No personal experience with the life jacket but Ruffwear makes one, and I have been quite satisfied with their other products. They even have a photo of a dog on a kayak wearing their life jacket. This reminds me of the first time I took Sailor on his first plane trip; we had done all the prepping we could, but in the end we just had to have faith in our training because there really is not a way to practice going on a jet... without going on a jet. For the record, he did fine and got lots of compliments from the crew. Good luck with Hazel on her adventure.


----------



## itzmeigh

Charmed said:


> No personal experience with the life jacket but Ruffwear makes one, and I have been quite satisfied with their other products. They even have a photo of a dog on a kayak wearing their life jacket. This reminds me of the first time I took Sailor on his first plane trip; we had done all the prepping we could, but in the end we just had to have faith in our training because there really is not a way to practice going on a jet... without going on a jet. For the record, he did fine and got lots of compliments from the crew. Good luck with Hazel on her adventure.



This is sorta how I manage life. We just press forward and make changes as we go. I almost always have a "Plan B" in mind but I try to move forward as if Plan A always works. 

I'm thinking I'm going to get her the Ruffwear "Web Master" harness, have you tried it? Our camping trip will include hiking in the foothills and I want something comfortable with a handle. 

(By mid March Hazel will be one tired puppy! No worries, there will be plenty of pictures!)


----------



## itzmeigh

I just thought! Here's a picture from the river in November. This isn't THE river we will be on (at least, I don't think it is, there are a few in the area and I am forever confusing them!) but this is very similar to what we will encounter. 

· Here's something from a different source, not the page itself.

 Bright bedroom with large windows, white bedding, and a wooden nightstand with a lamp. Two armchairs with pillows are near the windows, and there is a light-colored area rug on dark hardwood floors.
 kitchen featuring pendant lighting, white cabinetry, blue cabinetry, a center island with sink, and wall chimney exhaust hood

This is my son in a "deep spot" (yes, in November...)









There will be some deeper and possibly faster moving spots but on average that's what we have to expect.


----------



## beanz

I have a Float Doggy made by D-Fa Dogs (D-fa Dogs). It's made differently from most dog life jackets in that it covers the chest and doesn't rely on a piece around the neck like most that I've seen. It fits great and has given my scaredy-cat the confidence to get in and swim (she won't do it without her jacket on). She used to sit on the beach and cry when I would get in the water... now look at her https://www.youtube.com/watch?v=2cA0n1hsvXY


----------



## Charmed

No, I haven't tried the webmaster...I have been looking at it, though.


----------



## itzmeigh

beanz said:


> I have a Float Doggy made by D-Fa Dogs (D-fa Dogs). It's made differently from most dog life jackets in that it covers the chest and doesn't rely on a piece around the neck like most that I've seen. It fits great and has given my scaredy-cat the confidence to get in and swim (she won't do it without her jacket on). She used to sit on the beach and cry when I would get in the water... now look at her



Good to hear you like this one. It is one I've had my eye on. 

I'm going to try to take her to try some on this weekend.


----------



## elem8886

I second the Ruffwear recommendations - the Float Coat and the Web Master harness. They are well made and hold up to a lot of use.

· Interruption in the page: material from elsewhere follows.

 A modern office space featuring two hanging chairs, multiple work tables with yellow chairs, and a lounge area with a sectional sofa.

I use the harness everyday for Tika - she is a tripawd and I need a way to help steady her or lift her easily when we are out and about. I even used it in the house for the first couple months after her amputation (rear leg). It's very adjustable, I can get it on and off of her even if she's laying down, and it's comfortable for her to wear for an extended length of time.

She had a cheaper lifejacket (RC brand I think) when learning to swim but that wasn't enough floatation to stabilize her when she was adjusting to three legs. The Float Coat fits her better than the old one and seems to have a bit more buoyancy.


----------



## itzmeigh

A little update! I haven't got the harness yet but should get it this weekend. I'm going with a Ruffwear Web Master. 

On the original topic, I happened across a life jacket at Academy yesterday. They had last year's design on clearance for $3.48! I decided that for this first trip to be sure she likes swimming and boating that this jacket would fit my needs just fine. 

Here she is showing off in it. 









She was pretty skeptical at first and she walked weird in it but I managed to show her that she could move around and sit with it on. I'm going to work with her on it every evening until our trip. 

This weekend I'm going to start to introduce her to the kayak on dry land. My plan right now is to block under it so it won't tip side to side and then hang out on it and just let her explore it. I hope the weather will hold next week and I can get lots of time in with her. Then closer to the trip (we have about 2 weeks) I'll remove the blocks and let her feel that it moves. 

I did happen to think that there is a little pond by my house that I can take her in. People don't usually boat in it because it is very small and there is really no where to go but there are not rules against it. It is just a run-off pond and has turtles and ducks and some fish. Lots of people let their dogs swim in it. So, if things go well and the weather holds up hopefully I can get her out for a little kayak trip and swimming practice. If not, we'll just wing it on the trip.


----------



## Bellesdad0417

I agree cheaper is better for the first life jacket until you know they are full grown and they indeed like water. We got Finn a Petsmart no name for about 10 bucks last year and he used it twice, I believe he is going to be a swimmer based on his performance. 

He wasn't full grown then so I didn't want to spend too much, now that he is 1 and going to be adult size by the time swimming season in GA hits, I will spend some more on the next one.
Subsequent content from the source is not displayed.